“We’re making a moment,” Kyo (Benedict Wong) tells Emma (Zazie Beetz), as he’s building a wooden frame to hang a screen on in “Nine Days,” a physical effort to facilitate a psychological response not unlike the one Edson Oda undertakes in his provocative and ultimately deeply edifying feature debut. Emma has found her way into one of the back rooms in the house of Will (Winston Duke), an administrator of sorts – “a cog in the wheel,” he says when one of hIs guests essentially asks if he’s a god – who operates a way station for a collection of souls looking to be attached to a corporeal body in the physical world. The supernatural conceit is largely limited to verbal description in Oda’s drama, which imagines the privilege of life as as a job that requires an interview, and over the course of nine days, Will narrows down potential prospects to one he’ll send to terra firma, a place he’s been himself and was enormously disappointed by.

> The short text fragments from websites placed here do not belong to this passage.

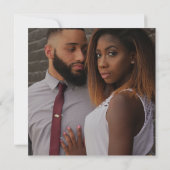 モダンタイポグラフィスクエア写真黒結婚ズ 招待状 (裏面)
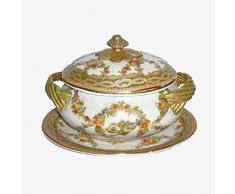 Better & Best Soperita P Plat rond en cÃ©ramiqueJockey, avec poignÃ©es en bronze, avec couvercle et assiette, dÃ©corÃ© avec des motifs vÃ©gÃ©taux et fruitiers, dimensions 16 x 12 x 12 cm,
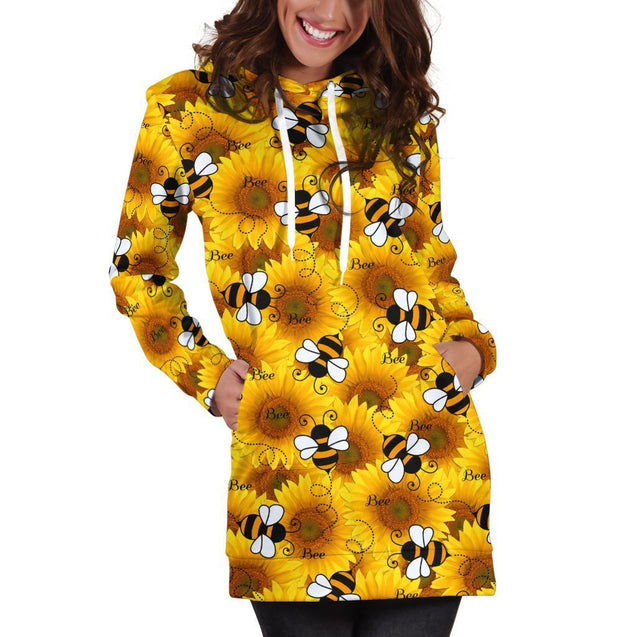 All Over Printing Bee Hoodie Dress-Apparel-Phaethon-Hoodie Dress-S-Vibe Cosy™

The wooden frame is being prepared for the first to be dismissed in “Nine Days,” made to simulate a scene from someone else’s life that they were most taken by on the many screens Will has set up in the house to keep tabs on all those he’s sent onto the next level, and while this marks the end of the road for someone who won’t get the chance to really live, it is the starting block for Oda’s architectural marvel in terms of opening up the mind as the writer/director has made something strong enough to let the film’s considerable artifice to fall away to begin to ponder questions about the meaning of life and how much human behavior can ever be accounted for and predicted by someone living outside of another’s experience. Although Duke’s Will is the sturdy center of “Nine Days,” the wonderfully curious Beetz proves to be an ideal avatar for an audience in a film that continually raises so many big ideas playing Emma, the most difficult of the candidates for Will to get a sense of before making his choice. She’s joined in the house by Maria (Arianna Ortiz), Mike (David Rhysdahl), Alex (Tony Hale) and Cain (Bill Skarsgard), all unsure of how to respond to Will, who never articulates what he’s looking for, though a sense of toughness seems to be a necessity, especially as it’s gradually revealed that he may have been assigned his own job by not having enough of it.
Besides the philosophical questions raised by the premise, “Nine Days” also begs for a few about Will’s literal place in the grander scheme of things, but Oda constructs an alternate universe cohesive and awesome enough to keep those at bay until well after the film has ended, if at all, and never shrinks from the boldness from the ideas he’s putting forth. The airy cinematography of Wyatt Garfield and Antonio Pinto’s heavenly score open the film up to the heights that few ever even attempt to reach, and while Oda explores the increasingly weighty decisions Will makes as he becomes aware of choices he’s made that haven’t worked out as he expected, the film manages the exact right lightness of touch to take hold. “Nine Days” may tell a story of those awaiting their time to live, but as an experience, it is alive with possibility and wonderment.